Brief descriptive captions
- - - - -
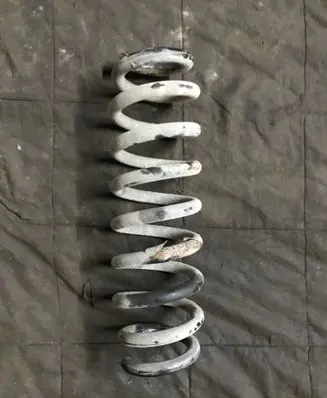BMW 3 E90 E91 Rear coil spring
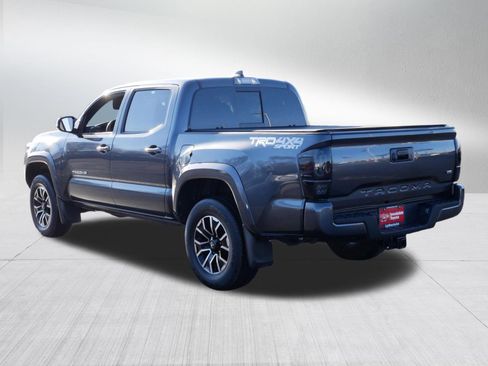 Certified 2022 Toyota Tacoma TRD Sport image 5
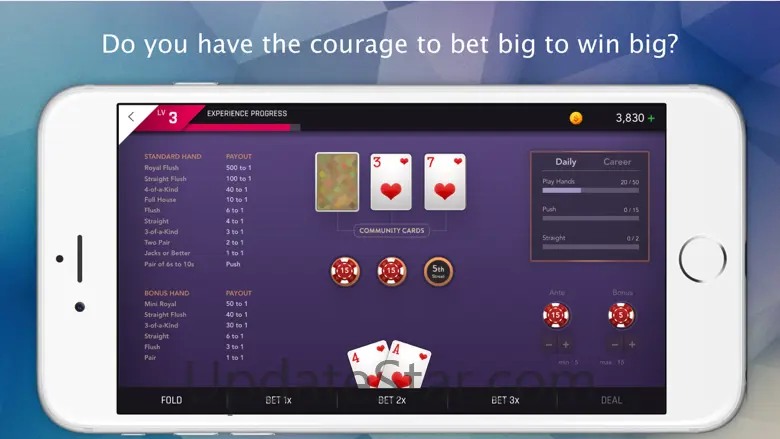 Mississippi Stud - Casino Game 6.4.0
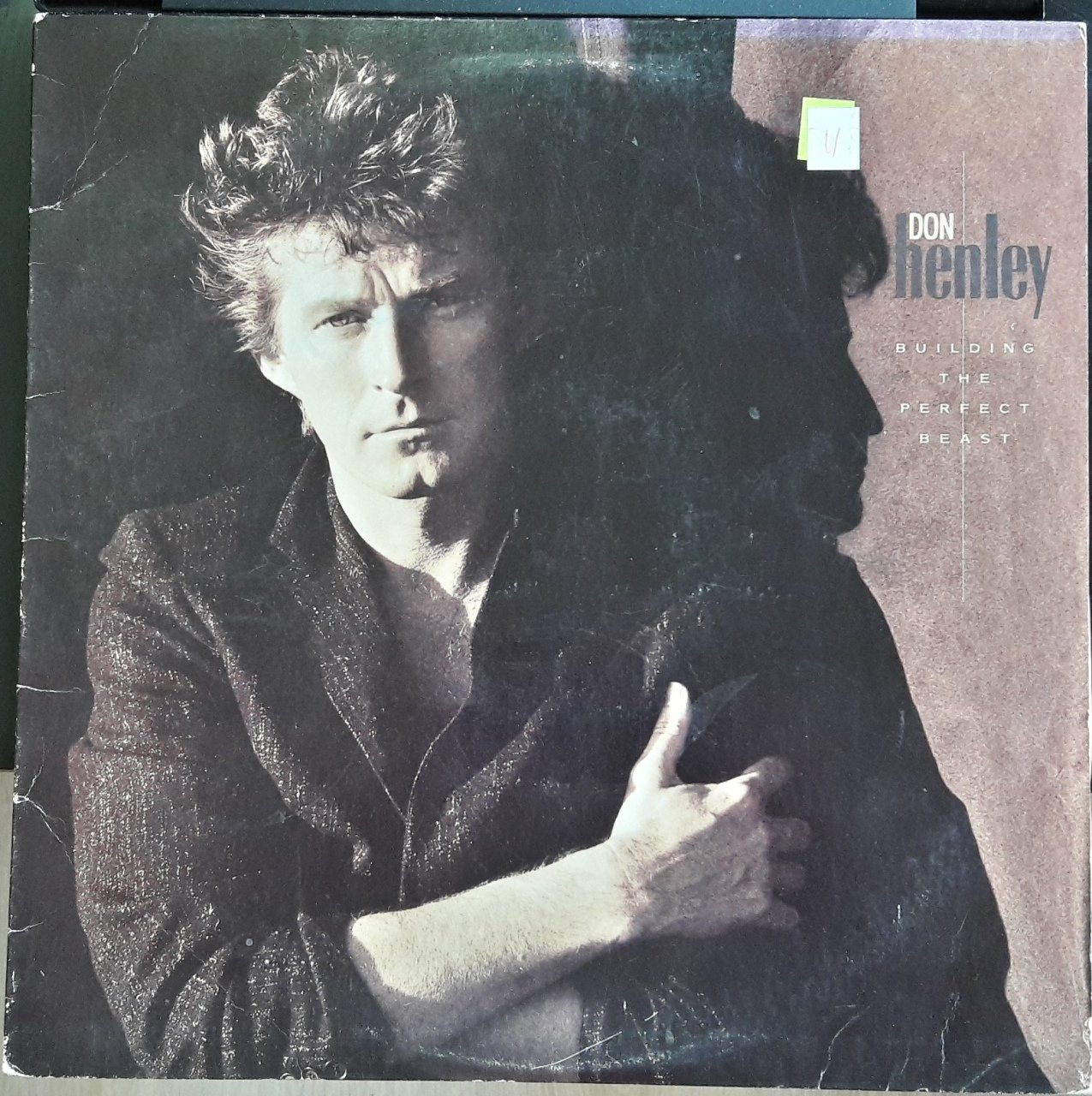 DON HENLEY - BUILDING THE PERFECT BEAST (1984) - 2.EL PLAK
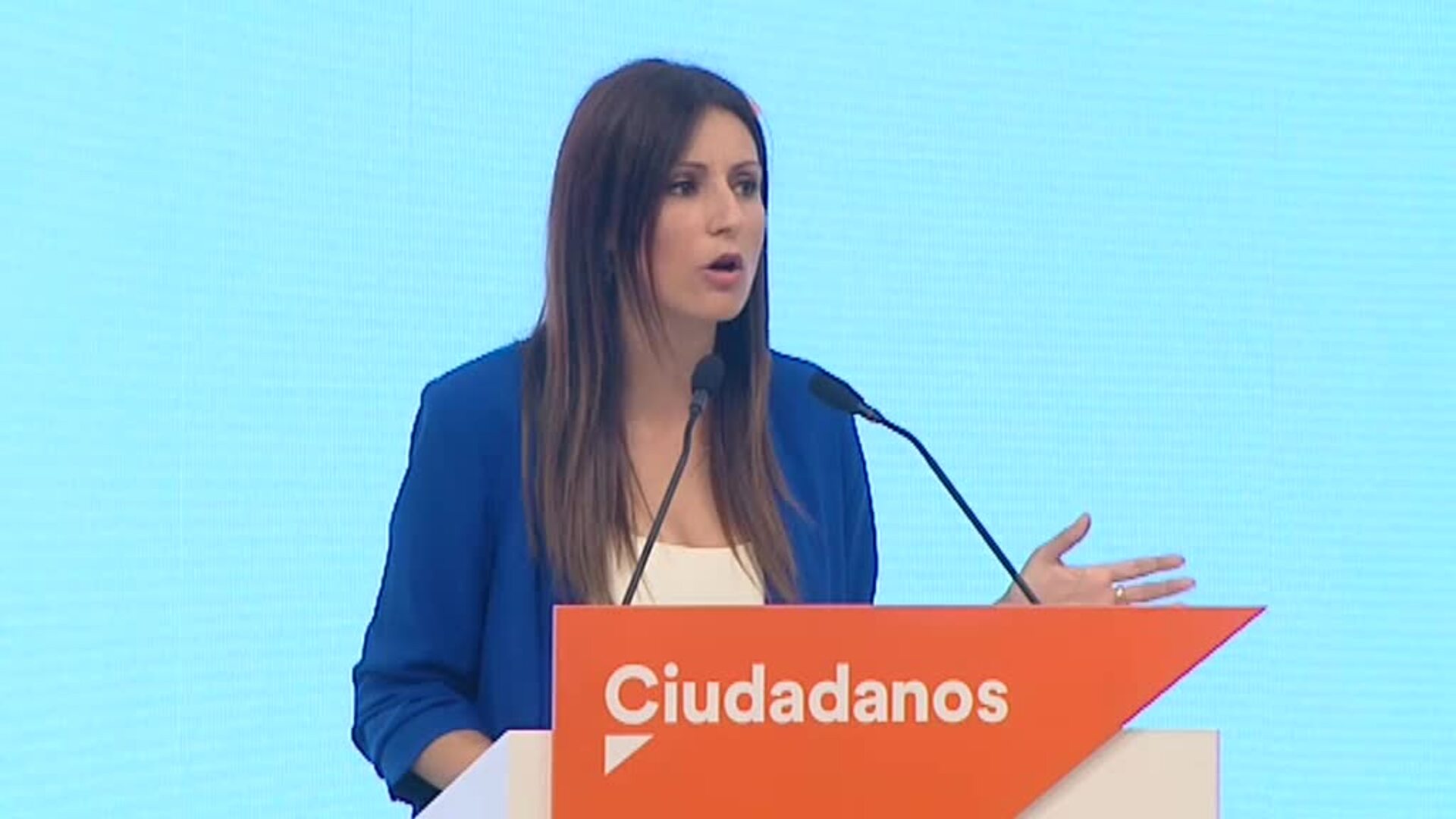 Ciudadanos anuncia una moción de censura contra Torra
- - - - -
Task description:
Extract exactly the lines above from the line containing "DON HENLEY - BUILDING" through the last one, both ends included, but not the pictures.

Worked solution:
 DON HENLEY - BUILDING THE PERFECT BEAST (1984) - 2.EL PLAK
 Ciudadanos anuncia una moción de censura contra Torra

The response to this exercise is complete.